• [WHAT TO WORK ON] The material below should be copied line for line, please, with pictures omitted.

*** Opening of TASK INPUTS ***

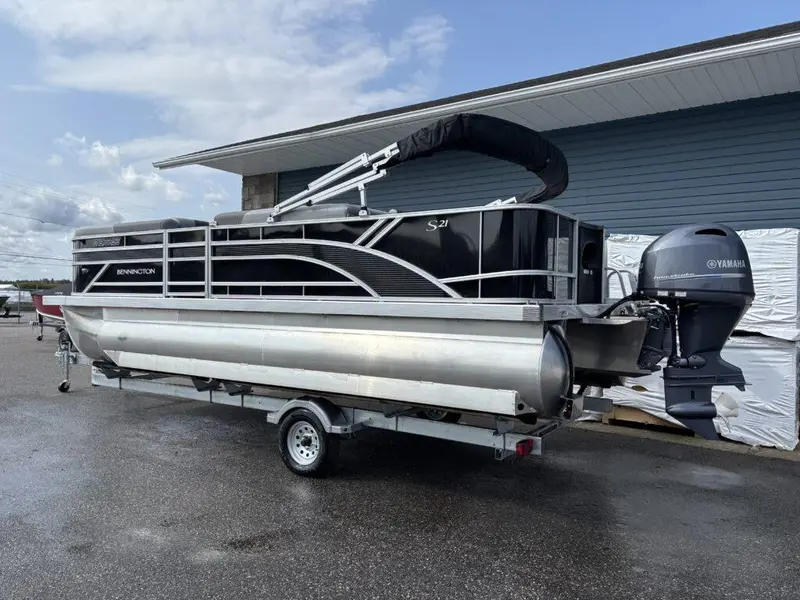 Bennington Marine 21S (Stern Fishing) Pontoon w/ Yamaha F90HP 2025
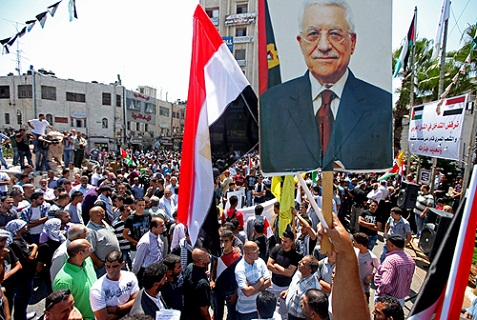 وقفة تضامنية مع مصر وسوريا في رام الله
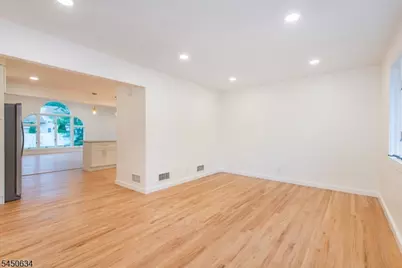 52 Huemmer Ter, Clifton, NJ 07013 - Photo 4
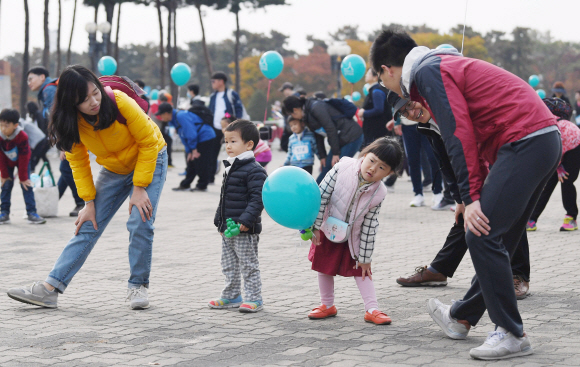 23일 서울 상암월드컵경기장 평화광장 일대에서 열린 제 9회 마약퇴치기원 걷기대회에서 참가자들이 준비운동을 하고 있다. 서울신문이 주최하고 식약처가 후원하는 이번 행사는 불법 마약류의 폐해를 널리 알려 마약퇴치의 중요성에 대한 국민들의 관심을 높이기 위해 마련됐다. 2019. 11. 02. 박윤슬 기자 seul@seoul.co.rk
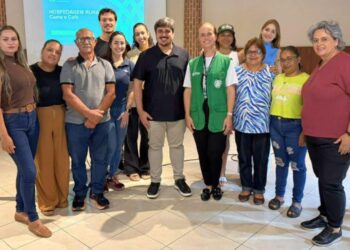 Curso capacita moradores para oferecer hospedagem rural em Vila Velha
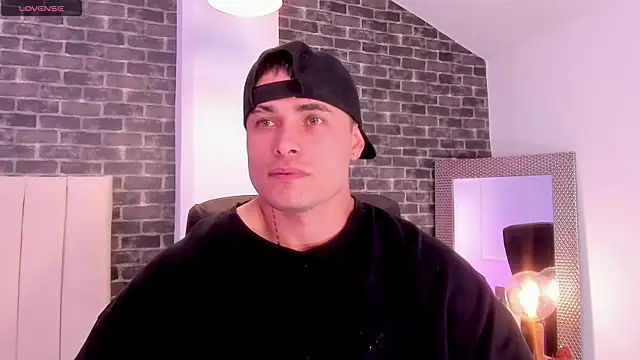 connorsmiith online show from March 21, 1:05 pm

*** Close of TASK INPUTS ***

• [RESPONSE BOX]
 Bennington Marine 21S (Stern Fishing) Pontoon w/ Yamaha F90HP 2025
 وقفة تضامنية مع مصر وسوريا في رام الله
 52 Huemmer Ter, Clifton, NJ 07013 - Photo 4
 23일 서울 상암월드컵경기장 평화광장 일대에서 열린 제 9회 마약퇴치기원 걷기대회에서 참가자들이 준비운동을 하고 있다. 서울신문이 주최하고 식약처가 후원하는 이번 행사는 불법 마약류의 폐해를 널리 알려 마약퇴치의 중요성에 대한 국민들의 관심을 높이기 위해 마련됐다. 2019. 11. 02. 박윤슬 기자 seul@seoul.co.rk
 Curso capacita moradores para oferecer hospedagem rural em Vila Velha
 connorsmiith online show from March 21, 1:05 pm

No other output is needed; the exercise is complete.